They said I'd better try the floor up above,
Thanked them politely and climbed the stair,
But I didn't find anything but thin, thin air.
Turned me around and went away,

And heard them whispering, "He didn't stay."
But there was no use in standing around

To wait for a wound.

On the other hand, many of the youngest writers assumed a solemnly detached air and addressed themselves not to the common man but to the exceptional man, the scholar, the wit. It was no accident that the original Nashville "Fugitives" (see page 25) were teachers, and their descendants, the scattered "Neo-Fugitives" (Randall Jarrell, W. R. Moses, George Marion O'Donnell) were pupils who became professors. Their work-especially Jarrell's-was deceptive, adroitly elaborate and yet remote; sometimes it was so clever that it outwitted its subject. More often than not it was vague in its references, allusive in a pedantic way, as in W. R. Moses' "Old Triton's Wreathed Horn," which concludes:

One x may represent commodities

Largely diverse, so one thing be the same;
Restraint, imposed by hunger or by will,

Ones waves of thoughts and starlings. What's a piece,
By part of it we represent: the tame

Thoughts I may drop, be pennoned by the game

Of black, bird-waves in grey, mid-winter seas.

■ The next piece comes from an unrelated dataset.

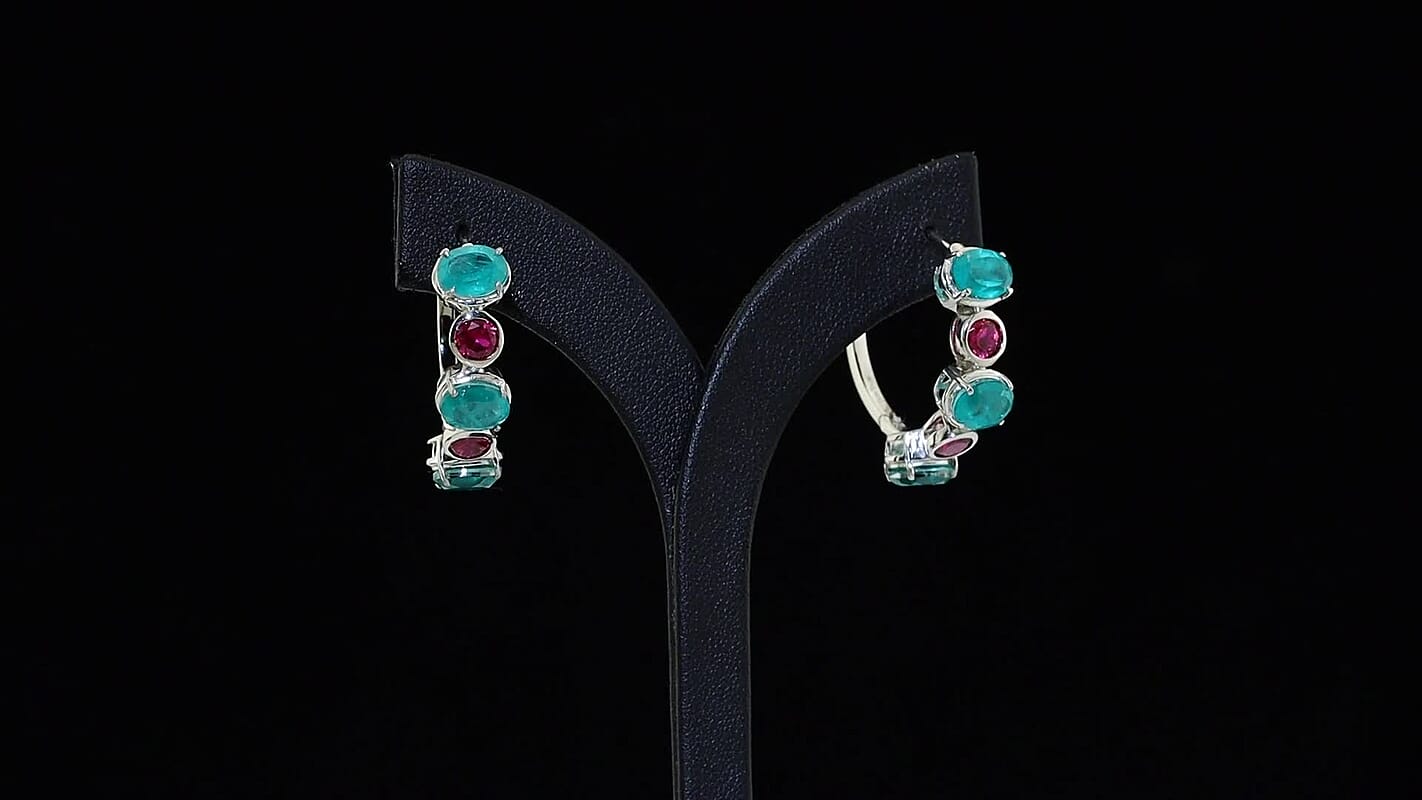 EverTrue Emeraldine Triplet Quartz, Lab Grown Ruby Hoop Earrings in Platinum Bond 11.50 ctw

At one extreme the writing of the thirties tended to grow polemical and flatly "proletarian." At the other extreme it became hypersensitive, obscure, and abstractly "patrician."

SYSTEMATIC CONFUSION: SURREALISM

The advance-guard experimenters of the late thirties, unlike their immediate predecessors, were uninterested in political issues, indifferent to a world of revolutionary change. They were not ignorant of war and revolution, but they were determined to evade and, if possible, to avoid the issues. Concerned almost wholly with the "need of self-expression," they became defenders of a repudiated position. Theirs was a retreat to the crumbling ivory tower, a championship of the almost forgotten "Art for Art's sake," an elaborate if topsy-turvy estheticism.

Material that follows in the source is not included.